Everything from the line that contains "NEW 1 Corning" to the end of the records below, both lines included, should be transcribed exactly and returned alone.

=== Available records ===

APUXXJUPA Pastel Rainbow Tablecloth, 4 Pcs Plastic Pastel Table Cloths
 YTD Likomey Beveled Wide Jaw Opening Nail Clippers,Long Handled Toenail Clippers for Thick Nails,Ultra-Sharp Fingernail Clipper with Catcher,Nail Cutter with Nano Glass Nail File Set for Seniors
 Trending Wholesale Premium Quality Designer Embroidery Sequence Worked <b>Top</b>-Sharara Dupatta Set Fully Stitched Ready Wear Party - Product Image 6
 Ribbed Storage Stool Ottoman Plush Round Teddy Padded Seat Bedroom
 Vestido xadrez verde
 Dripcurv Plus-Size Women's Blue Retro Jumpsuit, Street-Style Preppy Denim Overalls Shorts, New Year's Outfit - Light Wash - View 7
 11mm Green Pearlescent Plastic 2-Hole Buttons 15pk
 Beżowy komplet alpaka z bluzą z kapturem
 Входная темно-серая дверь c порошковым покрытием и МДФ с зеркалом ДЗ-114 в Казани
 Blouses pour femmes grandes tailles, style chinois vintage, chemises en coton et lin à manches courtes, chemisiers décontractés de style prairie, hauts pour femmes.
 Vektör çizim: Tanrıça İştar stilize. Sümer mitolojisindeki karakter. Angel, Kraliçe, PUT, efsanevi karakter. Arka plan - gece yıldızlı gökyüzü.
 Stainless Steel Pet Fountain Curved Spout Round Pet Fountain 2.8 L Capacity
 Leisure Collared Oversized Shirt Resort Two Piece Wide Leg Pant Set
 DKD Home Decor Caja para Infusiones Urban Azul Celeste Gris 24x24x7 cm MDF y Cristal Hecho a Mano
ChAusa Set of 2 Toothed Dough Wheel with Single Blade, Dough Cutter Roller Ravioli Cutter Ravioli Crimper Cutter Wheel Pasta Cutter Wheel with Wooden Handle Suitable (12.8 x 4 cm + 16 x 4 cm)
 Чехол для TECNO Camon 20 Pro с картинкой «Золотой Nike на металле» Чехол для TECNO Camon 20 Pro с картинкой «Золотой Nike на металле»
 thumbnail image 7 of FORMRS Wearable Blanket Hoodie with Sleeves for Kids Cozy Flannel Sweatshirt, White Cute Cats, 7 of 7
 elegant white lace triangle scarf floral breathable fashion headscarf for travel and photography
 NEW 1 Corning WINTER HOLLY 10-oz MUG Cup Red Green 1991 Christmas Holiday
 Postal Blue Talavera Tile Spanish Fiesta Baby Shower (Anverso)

===

# Solved exercise:
 NEW 1 Corning WINTER HOLLY 10-oz MUG Cup Red Green 1991 Christmas Holiday
 Postal Blue Talavera Tile Spanish Fiesta Baby Shower (Anverso)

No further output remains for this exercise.